Beginning June 1, your lender is likely to order a second full credit screening immediately before closing. Realtors warn clients of this because in the past it "may" have happened but it seems this is becoming common practice.
The last-minute credit report will be designed to find out whether you have obtained - or even shopped for - new debt between the date of your loan application and the closing. If you've made applications for credit of any type - for furnishings and appliances for the new house, a car, landscaping, a home equity line, a new credit card, you name it - the closing could be put on hold pending additional research by the lender.
If you've actually taken out new loans that are sizable enough to affect the debt-to-income ratio calculations used in your original mortgage approval, the whole deal could fall through. The added debt load could render you ineligible for the mortgage because you suddenly appear unable to handle the payments without a strain on your household budget.

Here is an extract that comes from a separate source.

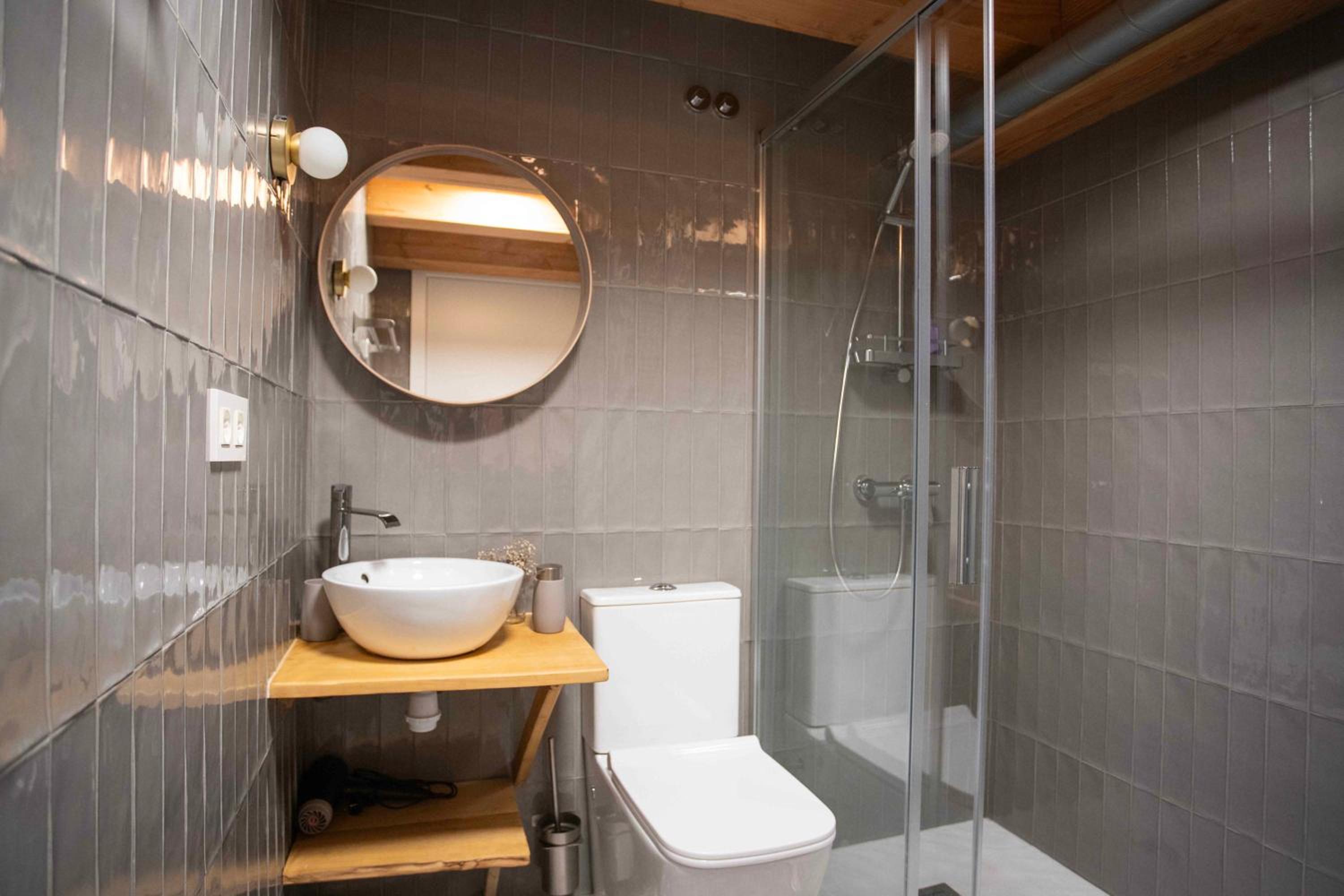 Double or Twin Room with Mountain View - Photo 3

I have had many clients tempt the credit gods and apply for furniture credit lines or get pre-approved for a Lowe's credit line for home repairs before their closing and when the mortgage company did a last minute credit check since from the start, their credit was iffy, the deal fell through. Getting your deposit money and closing costs together are hard enough, do not throw everything out of the window by having anything effect your credit. Closings usually occur in a 30-60 day period. Raising a red "credit" flag is not work losing your home over such a short period of time.
The June 1 changes are part of a new effort by mortgage giant Fannie Mae to cut down on slipshod underwriting by lenders and fraud by borrowers. Fannie's "loan quality initiative" will require lenders not only to pull two credit reports for each mortgage transaction but to perform additional verifications of borrower occupancy plans for the property, Social Security numbers and Individual Taxpayer Identification Numbers.